The state update \eqref{3} can thus be written as
$$u_{n+1} = u_n + \sum_{k=1}^S b_i p_i(\lambda \Delta t) u_n = u_n \tilde{p}_S(\lambda \Delta t)\tag{11}$$
where $p_i(\lambda \Delta t), \tilde{p}_S(\lambda \Delta t)$ denote a (general) polynomial in $\lambda \Delta t$ of degree $i$ or $S$, respectively.

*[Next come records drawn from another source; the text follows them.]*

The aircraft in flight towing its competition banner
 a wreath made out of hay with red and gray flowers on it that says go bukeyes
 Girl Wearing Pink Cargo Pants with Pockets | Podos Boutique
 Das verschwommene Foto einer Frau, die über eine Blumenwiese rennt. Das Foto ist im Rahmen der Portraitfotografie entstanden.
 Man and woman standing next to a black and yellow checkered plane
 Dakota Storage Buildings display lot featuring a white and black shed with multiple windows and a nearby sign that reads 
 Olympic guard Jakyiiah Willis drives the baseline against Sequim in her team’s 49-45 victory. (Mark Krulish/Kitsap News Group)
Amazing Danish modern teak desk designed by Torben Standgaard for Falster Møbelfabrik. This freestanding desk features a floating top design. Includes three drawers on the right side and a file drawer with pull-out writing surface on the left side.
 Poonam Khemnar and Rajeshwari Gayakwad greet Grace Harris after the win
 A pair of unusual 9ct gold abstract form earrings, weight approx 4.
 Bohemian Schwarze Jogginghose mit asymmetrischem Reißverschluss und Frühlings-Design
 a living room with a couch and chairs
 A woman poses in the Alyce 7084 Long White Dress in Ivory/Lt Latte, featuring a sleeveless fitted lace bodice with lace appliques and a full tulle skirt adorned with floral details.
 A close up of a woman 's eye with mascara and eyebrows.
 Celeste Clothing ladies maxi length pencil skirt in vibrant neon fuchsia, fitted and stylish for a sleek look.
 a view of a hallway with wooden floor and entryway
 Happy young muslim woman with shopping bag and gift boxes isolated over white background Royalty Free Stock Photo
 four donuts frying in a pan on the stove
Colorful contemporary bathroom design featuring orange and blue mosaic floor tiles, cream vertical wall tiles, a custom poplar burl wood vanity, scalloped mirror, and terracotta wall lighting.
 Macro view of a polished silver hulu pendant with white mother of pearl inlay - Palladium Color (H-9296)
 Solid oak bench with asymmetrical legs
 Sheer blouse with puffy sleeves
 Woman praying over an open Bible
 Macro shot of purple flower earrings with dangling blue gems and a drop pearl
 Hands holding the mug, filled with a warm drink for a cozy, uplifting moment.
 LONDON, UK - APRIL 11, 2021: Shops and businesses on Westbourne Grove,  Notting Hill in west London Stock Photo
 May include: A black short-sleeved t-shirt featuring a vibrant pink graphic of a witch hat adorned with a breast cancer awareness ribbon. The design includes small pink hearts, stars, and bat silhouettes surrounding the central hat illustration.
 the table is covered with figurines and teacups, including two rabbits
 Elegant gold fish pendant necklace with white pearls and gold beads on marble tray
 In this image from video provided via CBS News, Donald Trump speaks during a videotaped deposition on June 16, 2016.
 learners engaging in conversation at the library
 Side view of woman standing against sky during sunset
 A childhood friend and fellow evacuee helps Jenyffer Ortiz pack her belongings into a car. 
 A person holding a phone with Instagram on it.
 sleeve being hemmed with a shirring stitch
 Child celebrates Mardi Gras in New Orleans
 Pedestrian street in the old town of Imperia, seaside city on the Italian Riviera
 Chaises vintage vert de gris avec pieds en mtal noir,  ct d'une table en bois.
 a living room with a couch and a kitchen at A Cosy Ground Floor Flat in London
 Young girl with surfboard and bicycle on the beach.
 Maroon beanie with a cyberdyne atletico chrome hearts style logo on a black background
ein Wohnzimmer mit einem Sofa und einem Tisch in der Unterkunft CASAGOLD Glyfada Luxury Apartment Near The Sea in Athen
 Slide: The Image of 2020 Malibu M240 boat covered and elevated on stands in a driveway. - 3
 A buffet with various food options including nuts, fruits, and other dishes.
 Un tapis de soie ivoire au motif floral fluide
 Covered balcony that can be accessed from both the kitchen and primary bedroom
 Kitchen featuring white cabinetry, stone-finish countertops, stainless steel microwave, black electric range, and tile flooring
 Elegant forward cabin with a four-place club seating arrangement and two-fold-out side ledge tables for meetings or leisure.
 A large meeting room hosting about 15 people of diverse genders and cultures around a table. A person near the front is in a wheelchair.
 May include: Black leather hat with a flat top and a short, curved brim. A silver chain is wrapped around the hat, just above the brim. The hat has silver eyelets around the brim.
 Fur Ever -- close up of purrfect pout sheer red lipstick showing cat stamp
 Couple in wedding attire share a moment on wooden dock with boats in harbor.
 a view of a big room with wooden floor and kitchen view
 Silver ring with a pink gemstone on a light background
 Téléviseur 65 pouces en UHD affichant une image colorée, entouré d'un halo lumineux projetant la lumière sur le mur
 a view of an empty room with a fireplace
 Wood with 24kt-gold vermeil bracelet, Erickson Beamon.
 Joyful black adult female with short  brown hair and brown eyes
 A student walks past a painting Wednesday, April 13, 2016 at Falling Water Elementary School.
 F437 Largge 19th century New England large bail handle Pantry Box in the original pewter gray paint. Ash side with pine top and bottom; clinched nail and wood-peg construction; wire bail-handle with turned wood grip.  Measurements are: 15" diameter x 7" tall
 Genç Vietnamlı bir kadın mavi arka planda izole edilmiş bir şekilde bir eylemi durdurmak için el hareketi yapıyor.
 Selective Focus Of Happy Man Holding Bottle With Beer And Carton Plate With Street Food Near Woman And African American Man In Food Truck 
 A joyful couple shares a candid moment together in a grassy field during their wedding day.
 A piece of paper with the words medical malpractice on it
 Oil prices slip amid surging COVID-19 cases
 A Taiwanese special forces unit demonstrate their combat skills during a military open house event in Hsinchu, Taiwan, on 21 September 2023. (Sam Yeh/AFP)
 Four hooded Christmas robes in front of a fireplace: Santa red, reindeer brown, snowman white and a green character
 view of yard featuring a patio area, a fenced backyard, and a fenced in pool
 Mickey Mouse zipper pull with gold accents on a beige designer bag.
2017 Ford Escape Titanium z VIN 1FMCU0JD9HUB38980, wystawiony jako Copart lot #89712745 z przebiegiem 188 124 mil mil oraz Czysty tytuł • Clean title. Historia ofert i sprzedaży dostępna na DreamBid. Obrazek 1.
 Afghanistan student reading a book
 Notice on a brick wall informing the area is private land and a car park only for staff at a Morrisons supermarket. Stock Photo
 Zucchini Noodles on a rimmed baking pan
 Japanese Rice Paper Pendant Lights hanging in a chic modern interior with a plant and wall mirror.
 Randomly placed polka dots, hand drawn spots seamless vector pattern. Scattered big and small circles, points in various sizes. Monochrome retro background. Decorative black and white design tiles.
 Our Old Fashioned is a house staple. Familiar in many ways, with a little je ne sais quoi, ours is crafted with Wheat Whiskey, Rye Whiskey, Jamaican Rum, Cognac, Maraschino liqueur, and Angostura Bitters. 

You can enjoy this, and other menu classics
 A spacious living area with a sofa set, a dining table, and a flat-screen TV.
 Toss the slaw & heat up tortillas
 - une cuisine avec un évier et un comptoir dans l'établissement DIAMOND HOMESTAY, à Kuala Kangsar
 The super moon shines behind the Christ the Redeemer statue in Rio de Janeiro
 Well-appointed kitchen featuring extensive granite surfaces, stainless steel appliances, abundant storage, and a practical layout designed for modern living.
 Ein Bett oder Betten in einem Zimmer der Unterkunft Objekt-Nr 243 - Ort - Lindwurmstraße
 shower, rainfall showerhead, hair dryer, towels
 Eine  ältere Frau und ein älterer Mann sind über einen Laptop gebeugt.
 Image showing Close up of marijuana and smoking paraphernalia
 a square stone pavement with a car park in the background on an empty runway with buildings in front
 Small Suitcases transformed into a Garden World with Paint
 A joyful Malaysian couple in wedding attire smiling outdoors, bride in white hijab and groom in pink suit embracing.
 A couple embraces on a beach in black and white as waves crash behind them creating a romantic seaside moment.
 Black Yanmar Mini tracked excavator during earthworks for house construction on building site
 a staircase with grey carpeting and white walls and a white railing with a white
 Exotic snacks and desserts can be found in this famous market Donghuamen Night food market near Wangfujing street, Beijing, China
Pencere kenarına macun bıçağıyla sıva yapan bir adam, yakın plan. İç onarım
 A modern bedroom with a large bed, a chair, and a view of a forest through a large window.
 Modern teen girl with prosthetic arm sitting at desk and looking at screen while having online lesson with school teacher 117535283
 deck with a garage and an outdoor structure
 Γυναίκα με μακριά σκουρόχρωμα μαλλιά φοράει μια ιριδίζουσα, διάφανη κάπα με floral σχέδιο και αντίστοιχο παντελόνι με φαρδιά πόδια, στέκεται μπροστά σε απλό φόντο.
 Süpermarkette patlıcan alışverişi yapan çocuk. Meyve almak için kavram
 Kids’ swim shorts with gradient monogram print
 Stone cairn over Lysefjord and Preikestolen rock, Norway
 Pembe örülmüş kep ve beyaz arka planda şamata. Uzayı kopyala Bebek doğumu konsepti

To satisfy \eqref{2}, it is clear that we need that
$$ \vert \tilde{p}_S (\lambda \Delta t) \vert \leq 1 \quad \forall \: \lambda \Delta t: \text{Re}(\lambda \Delta t) \leq 0\tag{12}$$
However, it is clear that all non-constant polynomials $p_S(z)$ tend for $z \to \pm \infty$ in absolute value to $\infty$ and thus \eqref{2} is only satisfied for restricted $\lambda \Delta t$.